How to Parse JSON into a Pandas DataFrame
Parsing JSON data is a common task in data analysis, especially when working with APIs or JSON files. Pandas provides easy and flexible tools to load and manipulate JSON data into a DataFrame. This guide covers the different methods to parse JSON into a Pandas DataFrame, with practical examples.
1. Parsing a JSON String
You can parse a JSON string directly into a DataFrame using the pd.read_json()
function.
import pandas as pd
# JSON string
json_data = '''
[
{"Name": "Alice", "Age": 25, "Gender": "Female"},
{"Name": "Bob", "Age": 30, "Gender": "Male"}
]
'''
# Parse JSON into a DataFrame
df = pd.read_json(json_data)
print(df)
Output:
Name Age Gender
0 Alice 25 Female
1 Bob 30 Male
2. Reading JSON from a File
If your JSON data is stored in a file, use pd.read_json()
with the file path.
import pandas as pd
# Read JSON from a file
df = pd.read_json('data.json')
print(df)
Example File Content (data.json
):
[
{"Name": "Alice", "Age": 25, "Gender": "Female"},
{"Name": "Bob", "Age": 30, "Gender": "Male"}
]
Output:
Name Age Gender
0 Alice 25 Female
1 Bob 30 Male
3. Parsing Nested JSON
If the JSON has a nested structure, you can normalize it using pd.json_normalize()
.
import pandas as pd
# Nested JSON
nested_json = {
"students": [
{"Name": "Alice", "Details": {"Age": 25, "Gender": "Female"}},
{"Name": "Bob", "Details": {"Age": 30, "Gender": "Male"}}
]
}
# Normalize the JSON
df = pd.json_normalize(nested_json['students'])
print(df)
Output:
Name Details.Age Details.Gender
0 Alice 25 Female
1 Bob 30 Male
4. Reading JSON Lines Format
For JSON files with one JSON object per line, use lines=True
in pd.read_json()
.
import pandas as pd
# Example JSON lines file (data.jsonl)
# {"Name": "Alice", "Age": 25, "Gender": "Female"}
# {"Name": "Bob", "Age": 30, "Gender": "Male"}
# Read JSON lines
df = pd.read_json('data.jsonl', lines=True)
print(df)
Output:
Name Age Gender
0 Alice 25 Female
1 Bob 30 Male
5. Loading JSON from an API
When working with APIs, you often need to parse JSON responses into a DataFrame.
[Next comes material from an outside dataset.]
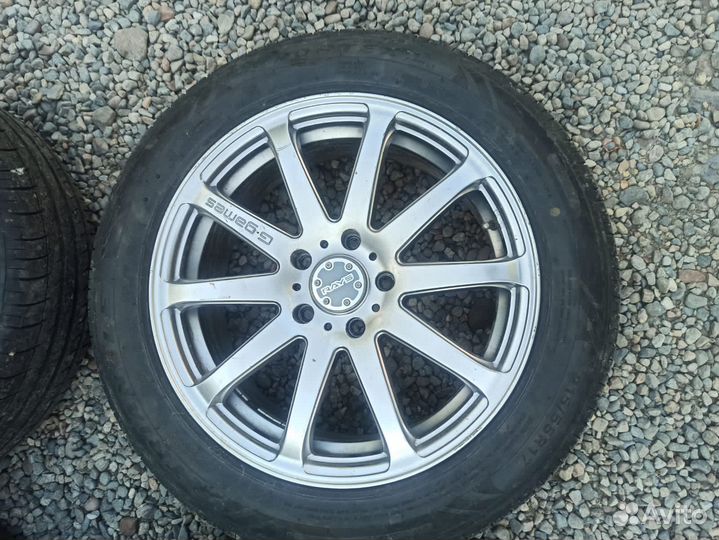 Комплект колёс 5 114 3 r17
Use the requests
library to fetch data and then load it into Pandas.
import requests
import pandas as pd
# Fetch JSON data from an API
url = 'https://api.example.com/data'
response = requests.get(url)
json_data = response.json()
# Parse JSON into a DataFrame
df = pd.json_normalize(json_data)
print(df)
Output:
Name Age Gender
0 Alice 25 Female
1 Bob 30 Male
6. Handling Complex JSON Structures
For deeply nested JSON, specify the path to normalize specific parts of the data.
import pandas as pd
# Complex nested JSON
complex_json = {
"school": {
"name": "High School",
"students": [
{"Name": "Alice", "Details": {"Age": 25, "Gender": "Female"}},
{"Name": "Bob", "Details": {"Age": 30, "Gender": "Male"}}
]
}
}
# Normalize the 'students' section
df = pd.json_normalize(complex_json, record_path=['school', 'students'])
print(df)
Output:
Name Details.Age Details.Gender
0 Alice 25 Female
1 Bob 30 Male
Conclusion
Pandas makes it easy to parse JSON into a DataFrame, whether it’s a simple JSON string, a nested structure, or data from an API. By leveraging functions like pd.read_json()
and pd.json_normalize()
, you can efficiently load and manipulate JSON data for analysis.